Но я отвлеклась. Пришли делать обыск. В мой шкафчик. А там у меня баночки с топленым маслом и несколько бутылок водки (это на обмен тоже). Один бандит другому на водку кивает, а тот ему — брови нахмурил, головой трясет: нет, нет… Стали выходить, первый опять подмигивает… Ну если бы соседей в комнате не было, взяли бы они и масло и водку. Но соседи стояли и глядели во все глаза, мне показалось тогда — злорадствовали.
Одиннадцатилетняя Агуля осталась одна. Целый месяц она с этими соседями прожила, им ее кормить приходилось, пока Михаил Давыдович за ней не приехал…
И вот проходит много лет, много черных лет — тюрьма, лагерь, годы бесправия — и вдруг реабилитация!
Помню, на Арбате это было, кажется, там, где табличка «Военный трибунал». Принял меня генерал, он «гениальнейшего», как и я, ненавидел, крепко пострадал тоже.
Смотрит мое дело.
— Не понимаю, — говорит, — за что вас арестовали!

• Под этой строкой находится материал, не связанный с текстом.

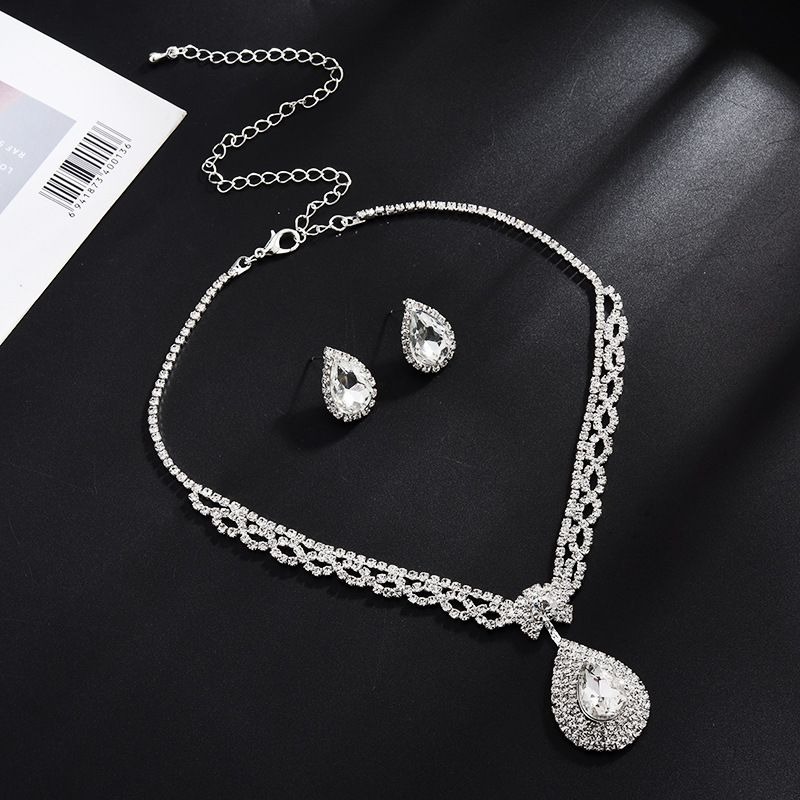 Juego de collar con aretes minimalista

— Я тоже не понимаю… Может, за то, что я жена Миронова?
— Может быть, может быть… — говорит рассеянно, неуверенно, листает дело… Ищет. Не нашел ничего о Миронове. Но вот вдруг на что-то наткнулся, промычал неопределенно: «Гм… да… вот». И быстро поднял глаза на меня.
— Не будем ворошить старое… — говорит примирительно, — подпишите вот тут вот, что получили реабилитацию.
И дает мне «дело». Мое «дело»!
И я вдруг вижу бумажку — донос! Мелькнуло «антисоветские разговоры», я жадно дальше — подписи: «Караваев, Генина, Синявская»! Мои соседи по Куйбышеву!
Тут уж я вцепилась в «дело», читаю, читаю, а там на меня написано: говорила то-то и то-то, что «электрическое напряжение плохое, что ничего нигде не купишь, что водопровод замерз…», и т. д., и т. д. Вот и получились «антисоветские разговоры»!
Генерал пытается осторожно у меня «дело» забрать, а я — не даю.
— Я им этого не оставлю!
Он тогда мягко:
— Агнесса Ивановна, знаете что? Вас реабилитировали? Реабилитировали. А это… — И махнул рукой — бросьте, мол, зачем вам это?
Михаил Давыдович тогда уже был дома, он тоже мне говорит — оставь, не надо, пусть живут. Откуда мы знаем, может быть, их заставили на тебя написать?
Ну я и не стала связываться.
Но иногда ночью вдруг проснусь, как током прошьет. Караваев, та обезьяна, что ночью ко мне под одеяло лазал, Генина, которая керосинку выпрашивала, Синявская, которой я давала пледом укрываться!.. Прошьет так током, и начинает точить мысль — неужто они благополучной жизнью наслаждаются?
Так они мне отплатили за все.
Вот и выходит, что меня арестовали за керосинку.
А когда мы снова с Машей встретились, я уже знала про донос. Маша Синявская очень мне обрадовалась: «Майя, милая, дорогая!» А я смотрю и думаю: знаешь ты или нет? И понимаю, чувствую — ничего не знает.
Она была спокойный, уравновешенный, очень принципиальный человек. Пьющего отца она стыдилась, жалела. Когда в 1943 году был приказ о демобилизации девушек-студенток (а она была студентка истфака), Маша демобилизоваться отказалась: «Идет такая страшная война, — сказала она, — сейчас надо не учиться, а воевать». И пошла на фронт.
Она меня затащила к ним. Ее мать — та самая — ко мне целоваться: «Маечка, Маечка!» И расспрашивать: «А как там Агнесса Ивановна поживает? Как мы с ней дружно жили!» Прямо поет, глаза льстивые. Мне бы ей сказать, чьих рук это дело, а я… не смогла. Стыдно мне за нее, неловко. Я смолчала. И сделала вид, что ничего не знаю.
Но с Машей я больше не встречалась. Хотя Маша-то здесь была ни при чем.
Когда отец узнал, что Агнесса арестована, он стал отчаянно «стучать головой в закрытую дверь». Куда только не писал — и в прокуратуру, и самому Берии — добивался приема. Если удавалось куда-то пробиться — доказывал, что это ошибка, что она ни в чем не может быть виновата. Берии он писал, что, мол, если она виновата, «то и я — враг народа»! Он был вне себя, он был слеп.